Your objective:
Write down each entry precisely as given.

Information provided:
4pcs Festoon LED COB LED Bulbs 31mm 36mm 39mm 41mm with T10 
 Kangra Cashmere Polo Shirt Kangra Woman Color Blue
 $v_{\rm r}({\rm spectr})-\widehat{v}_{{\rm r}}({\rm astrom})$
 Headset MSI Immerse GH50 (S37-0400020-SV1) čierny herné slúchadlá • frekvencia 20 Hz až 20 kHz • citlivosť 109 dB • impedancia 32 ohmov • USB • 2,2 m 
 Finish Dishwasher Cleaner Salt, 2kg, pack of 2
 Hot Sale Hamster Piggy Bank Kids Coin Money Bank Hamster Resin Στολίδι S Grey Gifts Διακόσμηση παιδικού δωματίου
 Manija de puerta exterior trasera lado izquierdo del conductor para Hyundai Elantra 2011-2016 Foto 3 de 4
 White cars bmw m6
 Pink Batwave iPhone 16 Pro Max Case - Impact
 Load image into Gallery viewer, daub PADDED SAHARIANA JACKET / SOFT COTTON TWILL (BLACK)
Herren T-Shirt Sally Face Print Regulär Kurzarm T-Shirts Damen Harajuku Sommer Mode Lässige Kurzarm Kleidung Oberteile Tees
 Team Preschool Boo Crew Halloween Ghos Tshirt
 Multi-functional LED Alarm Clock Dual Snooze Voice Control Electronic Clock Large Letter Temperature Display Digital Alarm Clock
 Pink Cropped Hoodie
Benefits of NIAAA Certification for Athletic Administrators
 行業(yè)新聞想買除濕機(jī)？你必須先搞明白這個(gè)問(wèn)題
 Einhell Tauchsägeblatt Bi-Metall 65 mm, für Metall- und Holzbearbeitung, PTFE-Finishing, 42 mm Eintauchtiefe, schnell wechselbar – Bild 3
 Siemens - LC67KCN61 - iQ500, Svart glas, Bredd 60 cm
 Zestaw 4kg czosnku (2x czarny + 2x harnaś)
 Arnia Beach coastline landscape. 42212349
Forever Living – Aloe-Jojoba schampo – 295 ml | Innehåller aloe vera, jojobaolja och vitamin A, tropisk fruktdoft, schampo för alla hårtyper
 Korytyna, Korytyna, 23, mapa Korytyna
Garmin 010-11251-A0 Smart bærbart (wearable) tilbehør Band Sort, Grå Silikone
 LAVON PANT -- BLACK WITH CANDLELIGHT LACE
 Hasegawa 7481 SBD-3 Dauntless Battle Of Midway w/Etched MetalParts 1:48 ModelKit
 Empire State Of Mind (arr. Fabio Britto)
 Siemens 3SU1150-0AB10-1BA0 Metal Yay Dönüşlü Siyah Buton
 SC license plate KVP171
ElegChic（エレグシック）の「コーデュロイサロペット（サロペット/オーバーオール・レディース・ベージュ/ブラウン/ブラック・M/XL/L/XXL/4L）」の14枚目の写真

Response below:
4pcs Festoon LED COB LED Bulbs 31mm 36mm 39mm 41mm with T10 
 Kangra Cashmere Polo Shirt Kangra Woman Color Blue
 $v_{\rm r}({\rm spectr})-\widehat{v}_{{\rm r}}({\rm astrom})$
 Headset MSI Immerse GH50 (S37-0400020-SV1) čierny herné slúchadlá • frekvencia 20 Hz až 20 kHz • citlivosť 109 dB • impedancia 32 ohmov • USB • 2,2 m 
 Finish Dishwasher Cleaner Salt, 2kg, pack of 2
 Hot Sale Hamster Piggy Bank Kids Coin Money Bank Hamster Resin Στολίδι S Grey Gifts Διακόσμηση παιδικού δωματίου
 Manija de puerta exterior trasera lado izquierdo del conductor para Hyundai Elantra 2011-2016 Foto 3 de 4
 White cars bmw m6
 Pink Batwave iPhone 16 Pro Max Case - Impact
 Load image into Gallery viewer, daub PADDED SAHARIANA JACKET / SOFT COTTON TWILL (BLACK)
Herren T-Shirt Sally Face Print Regulär Kurzarm T-Shirts Damen Harajuku Sommer Mode Lässige Kurzarm Kleidung Oberteile Tees
 Team Preschool Boo Crew Halloween Ghos Tshirt
 Multi-functional LED Alarm Clock Dual Snooze Voice Control Electronic Clock Large Letter Temperature Display Digital Alarm Clock
 Pink Cropped Hoodie
Benefits of NIAAA Certification for Athletic Administrators
 行業(yè)新聞想買除濕機(jī)？你必須先搞明白這個(gè)問(wèn)題
 Einhell Tauchsägeblatt Bi-Metall 65 mm, für Metall- und Holzbearbeitung, PTFE-Finishing, 42 mm Eintauchtiefe, schnell wechselbar – Bild 3
 Siemens - LC67KCN61 - iQ500, Svart glas, Bredd 60 cm
 Zestaw 4kg czosnku (2x czarny + 2x harnaś)
 Arnia Beach coastline landscape. 42212349
Forever Living – Aloe-Jojoba schampo – 295 ml | Innehåller aloe vera, jojobaolja och vitamin A, tropisk fruktdoft, schampo för alla hårtyper
 Korytyna, Korytyna, 23, mapa Korytyna
Garmin 010-11251-A0 Smart bærbart (wearable) tilbehør Band Sort, Grå Silikone
 LAVON PANT -- BLACK WITH CANDLELIGHT LACE
 Hasegawa 7481 SBD-3 Dauntless Battle Of Midway w/Etched MetalParts 1:48 ModelKit
 Empire State Of Mind (arr. Fabio Britto)
 Siemens 3SU1150-0AB10-1BA0 Metal Yay Dönüşlü Siyah Buton
 SC license plate KVP171
ElegChic（エレグシック）の「コーデュロイサロペット（サロペット/オーバーオール・レディース・ベージュ/ブラウン/ブラック・M/XL/L/XXL/4L）」の14枚目の写真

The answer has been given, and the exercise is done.